• What the exercise asks:
Write out word for word each line from the one containing "Kandiny Donna Maglia" through the close of the listing, including both ends. Pictures do not belong in the copy.

• Dataset section:
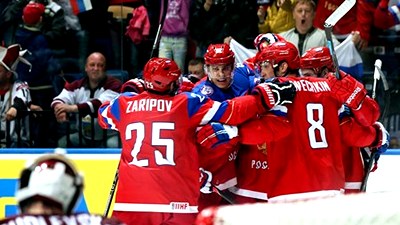 Хоккеисты сборной России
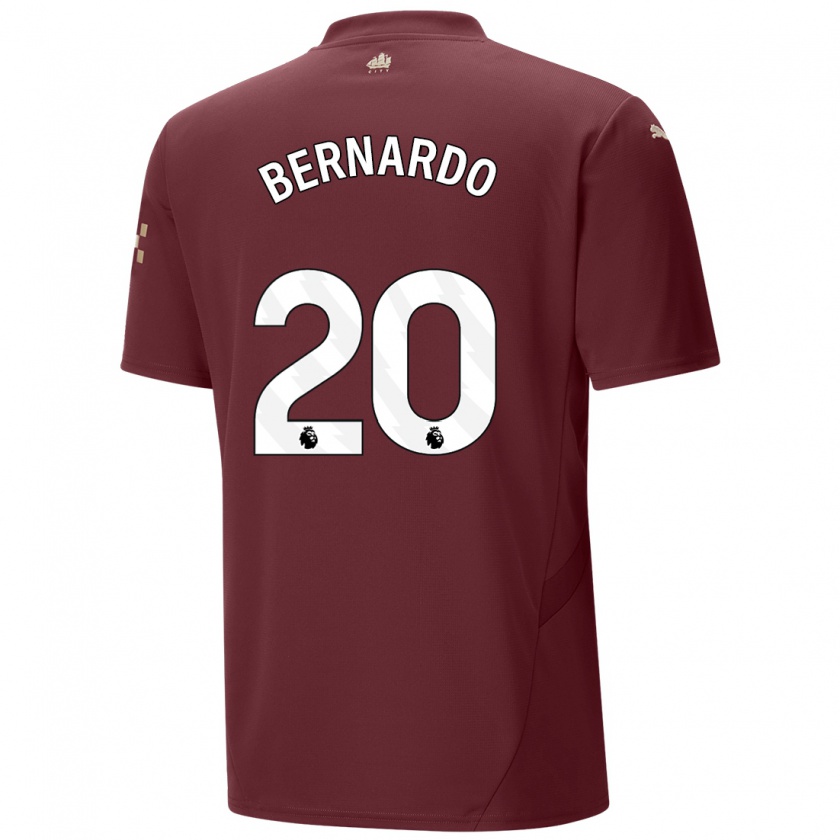 Kandiny Donna Maglia Bernardo Silva #20 Marrone Kit Gara Third 2024/25 Maglietta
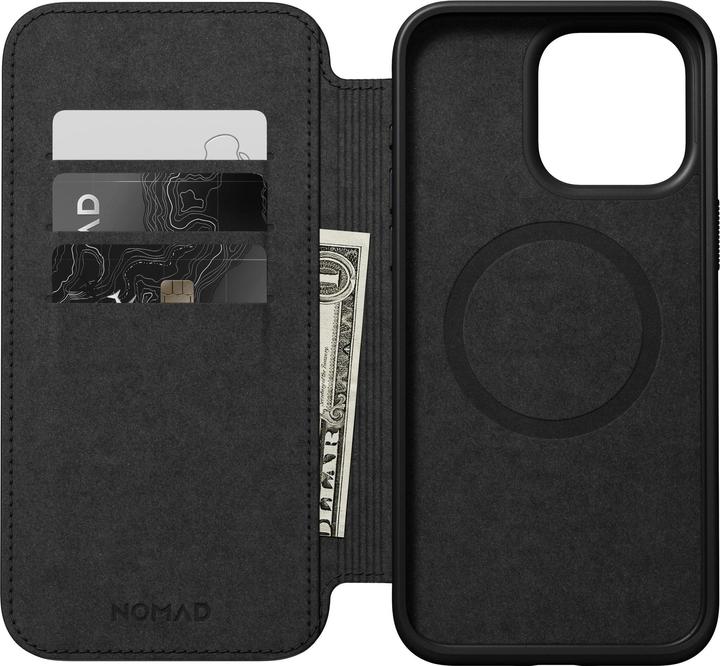 Image du produit Nomad Modern Leather Folio iPhone 15 Pro Max Noir (Apple iPhone 15 Pro Max)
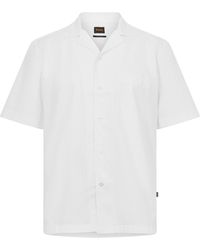 BOSS - Short Sleeve Plain Shirt - Lyst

• The completed task:
 Kandiny Donna Maglia Bernardo Silva #20 Marrone Kit Gara Third 2024/25 Maglietta
 Image du produit Nomad Modern Leather Folio iPhone 15 Pro Max Noir (Apple iPhone 15 Pro Max)
 BOSS - Short Sleeve Plain Shirt - Lyst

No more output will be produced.